*Exercise requirements*. Retype the whole listing exactly. Leave out pictures.

*Data below*.
►
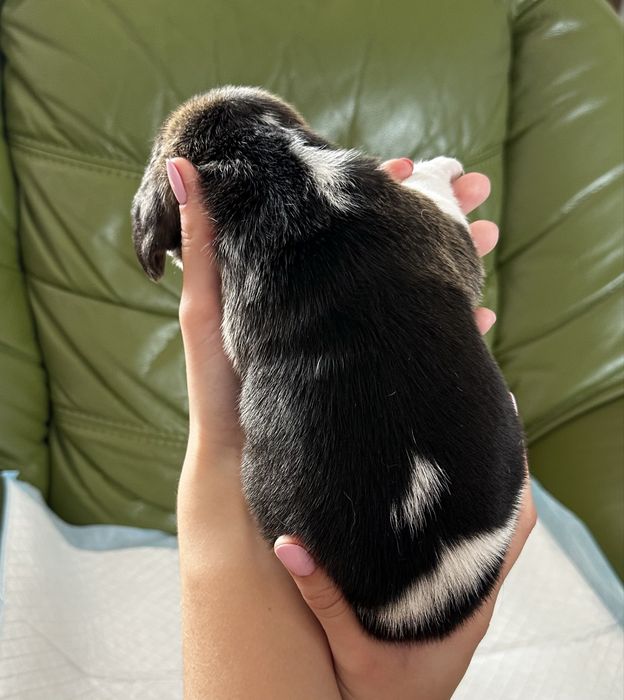 szczeniak beagle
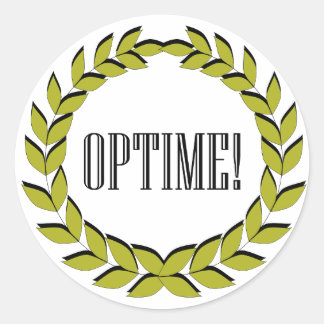 Optime! Excellent job! Classic Round Sticker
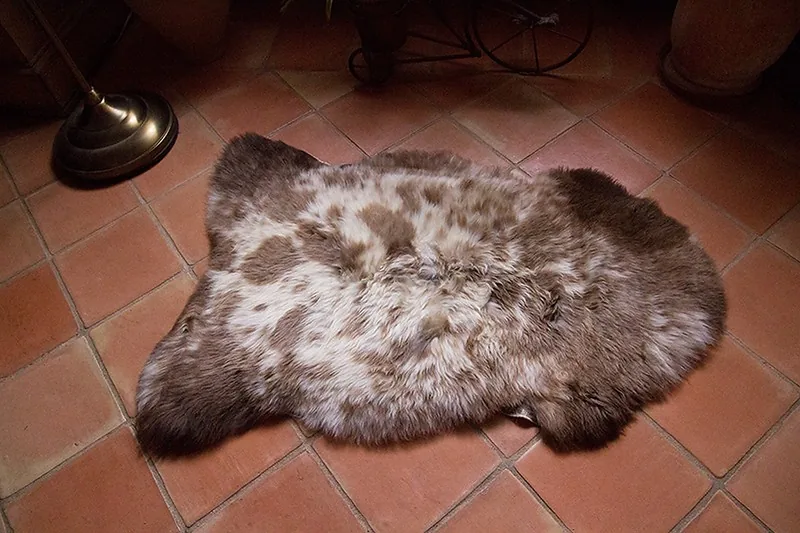 Peau de mouton Albanian 90-100cm - Ref: ALB-5-0126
◄
*Solution to the exercise*.
 szczeniak beagle
 Optime! Excellent job! Classic Round Sticker
 Peau de mouton Albanian 90-100cm - Ref: ALB-5-0126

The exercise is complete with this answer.